╔══

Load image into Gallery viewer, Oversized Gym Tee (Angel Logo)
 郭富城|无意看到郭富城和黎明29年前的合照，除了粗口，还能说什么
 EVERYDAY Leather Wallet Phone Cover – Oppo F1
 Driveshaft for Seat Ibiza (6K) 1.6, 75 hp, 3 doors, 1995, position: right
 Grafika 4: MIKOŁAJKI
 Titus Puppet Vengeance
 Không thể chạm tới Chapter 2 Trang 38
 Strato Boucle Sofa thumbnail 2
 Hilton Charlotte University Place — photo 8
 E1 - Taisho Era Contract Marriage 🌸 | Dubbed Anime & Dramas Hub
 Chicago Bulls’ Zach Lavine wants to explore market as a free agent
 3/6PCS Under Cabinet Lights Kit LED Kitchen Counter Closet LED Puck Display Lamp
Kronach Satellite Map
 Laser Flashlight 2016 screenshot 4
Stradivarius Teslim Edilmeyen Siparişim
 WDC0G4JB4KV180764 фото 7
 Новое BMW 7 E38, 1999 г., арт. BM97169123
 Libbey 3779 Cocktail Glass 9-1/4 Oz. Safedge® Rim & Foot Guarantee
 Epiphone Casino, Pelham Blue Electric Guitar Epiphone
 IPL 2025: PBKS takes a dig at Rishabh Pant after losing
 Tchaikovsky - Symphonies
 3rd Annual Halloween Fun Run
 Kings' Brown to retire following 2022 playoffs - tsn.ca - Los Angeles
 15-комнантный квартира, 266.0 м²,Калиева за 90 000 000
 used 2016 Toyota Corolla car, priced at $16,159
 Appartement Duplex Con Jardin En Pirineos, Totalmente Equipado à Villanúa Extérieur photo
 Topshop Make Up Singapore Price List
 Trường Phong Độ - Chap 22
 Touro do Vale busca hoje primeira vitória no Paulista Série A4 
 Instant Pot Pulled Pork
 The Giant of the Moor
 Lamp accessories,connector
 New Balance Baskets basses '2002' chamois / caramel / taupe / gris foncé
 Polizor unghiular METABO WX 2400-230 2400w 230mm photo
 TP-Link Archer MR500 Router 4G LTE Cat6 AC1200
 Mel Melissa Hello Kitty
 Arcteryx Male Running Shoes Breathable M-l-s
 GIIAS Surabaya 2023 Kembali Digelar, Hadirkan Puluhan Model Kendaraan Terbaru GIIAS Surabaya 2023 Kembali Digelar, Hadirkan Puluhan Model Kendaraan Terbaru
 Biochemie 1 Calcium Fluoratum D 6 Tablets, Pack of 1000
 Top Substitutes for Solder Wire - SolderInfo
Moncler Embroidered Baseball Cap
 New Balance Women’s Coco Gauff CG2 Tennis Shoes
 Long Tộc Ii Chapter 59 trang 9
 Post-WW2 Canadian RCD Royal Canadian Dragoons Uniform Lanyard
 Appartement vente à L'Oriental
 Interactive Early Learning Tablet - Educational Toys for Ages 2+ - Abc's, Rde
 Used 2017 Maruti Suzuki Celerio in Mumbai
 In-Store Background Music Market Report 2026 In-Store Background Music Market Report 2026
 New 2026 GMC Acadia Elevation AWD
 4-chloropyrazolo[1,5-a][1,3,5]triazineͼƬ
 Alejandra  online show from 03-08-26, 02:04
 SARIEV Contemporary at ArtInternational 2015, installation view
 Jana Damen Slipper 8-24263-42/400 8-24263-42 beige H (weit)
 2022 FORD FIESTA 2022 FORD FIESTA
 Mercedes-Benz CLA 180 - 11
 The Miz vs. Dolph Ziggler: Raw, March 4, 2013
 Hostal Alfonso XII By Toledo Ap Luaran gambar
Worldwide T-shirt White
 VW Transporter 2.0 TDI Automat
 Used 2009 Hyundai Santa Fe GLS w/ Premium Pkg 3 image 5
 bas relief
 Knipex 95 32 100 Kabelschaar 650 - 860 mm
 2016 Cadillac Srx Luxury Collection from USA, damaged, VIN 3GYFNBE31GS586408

╚══

ABOUT THIS TASK -> Above are some records; extract every one of them exactly.

TASK RESPONSE ->
Load image into Gallery viewer, Oversized Gym Tee (Angel Logo)
 郭富城|无意看到郭富城和黎明29年前的合照，除了粗口，还能说什么
 EVERYDAY Leather Wallet Phone Cover – Oppo F1
 Driveshaft for Seat Ibiza (6K) 1.6, 75 hp, 3 doors, 1995, position: right
 Grafika 4: MIKOŁAJKI
 Titus Puppet Vengeance
 Không thể chạm tới Chapter 2 Trang 38
 Strato Boucle Sofa thumbnail 2
 Hilton Charlotte University Place — photo 8
 E1 - Taisho Era Contract Marriage 🌸 | Dubbed Anime & Dramas Hub
 Chicago Bulls’ Zach Lavine wants to explore market as a free agent
 3/6PCS Under Cabinet Lights Kit LED Kitchen Counter Closet LED Puck Display Lamp
Kronach Satellite Map
 Laser Flashlight 2016 screenshot 4
Stradivarius Teslim Edilmeyen Siparişim
 WDC0G4JB4KV180764 фото 7
 Новое BMW 7 E38, 1999 г., арт. BM97169123
 Libbey 3779 Cocktail Glass 9-1/4 Oz. Safedge® Rim & Foot Guarantee
 Epiphone Casino, Pelham Blue Electric Guitar Epiphone
 IPL 2025: PBKS takes a dig at Rishabh Pant after losing
 Tchaikovsky - Symphonies
 3rd Annual Halloween Fun Run
 Kings' Brown to retire following 2022 playoffs - tsn.ca - Los Angeles
 15-комнантный квартира, 266.0 м²,Калиева за 90 000 000
 used 2016 Toyota Corolla car, priced at $16,159
 Appartement Duplex Con Jardin En Pirineos, Totalmente Equipado à Villanúa Extérieur photo
 Topshop Make Up Singapore Price List
 Trường Phong Độ - Chap 22
 Touro do Vale busca hoje primeira vitória no Paulista Série A4 
 Instant Pot Pulled Pork
 The Giant of the Moor
 Lamp accessories,connector
 New Balance Baskets basses '2002' chamois / caramel / taupe / gris foncé
 Polizor unghiular METABO WX 2400-230 2400w 230mm photo
 TP-Link Archer MR500 Router 4G LTE Cat6 AC1200
 Mel Melissa Hello Kitty
 Arcteryx Male Running Shoes Breathable M-l-s
 GIIAS Surabaya 2023 Kembali Digelar, Hadirkan Puluhan Model Kendaraan Terbaru GIIAS Surabaya 2023 Kembali Digelar, Hadirkan Puluhan Model Kendaraan Terbaru
 Biochemie 1 Calcium Fluoratum D 6 Tablets, Pack of 1000
 Top Substitutes for Solder Wire - SolderInfo
Moncler Embroidered Baseball Cap
 New Balance Women’s Coco Gauff CG2 Tennis Shoes
 Long Tộc Ii Chapter 59 trang 9
 Post-WW2 Canadian RCD Royal Canadian Dragoons Uniform Lanyard
 Appartement vente à L'Oriental
 Interactive Early Learning Tablet - Educational Toys for Ages 2+ - Abc's, Rde
 Used 2017 Maruti Suzuki Celerio in Mumbai
 In-Store Background Music Market Report 2026 In-Store Background Music Market Report 2026
 New 2026 GMC Acadia Elevation AWD
 4-chloropyrazolo[1,5-a][1,3,5]triazineͼƬ
 Alejandra  online show from 03-08-26, 02:04
 SARIEV Contemporary at ArtInternational 2015, installation view
 Jana Damen Slipper 8-24263-42/400 8-24263-42 beige H (weit)
 2022 FORD FIESTA 2022 FORD FIESTA
 Mercedes-Benz CLA 180 - 11
 The Miz vs. Dolph Ziggler: Raw, March 4, 2013
 Hostal Alfonso XII By Toledo Ap Luaran gambar
Worldwide T-shirt White
 VW Transporter 2.0 TDI Automat
 Used 2009 Hyundai Santa Fe GLS w/ Premium Pkg 3 image 5
 bas relief
 Knipex 95 32 100 Kabelschaar 650 - 860 mm
 2016 Cadillac Srx Luxury Collection from USA, damaged, VIN 3GYFNBE31GS586408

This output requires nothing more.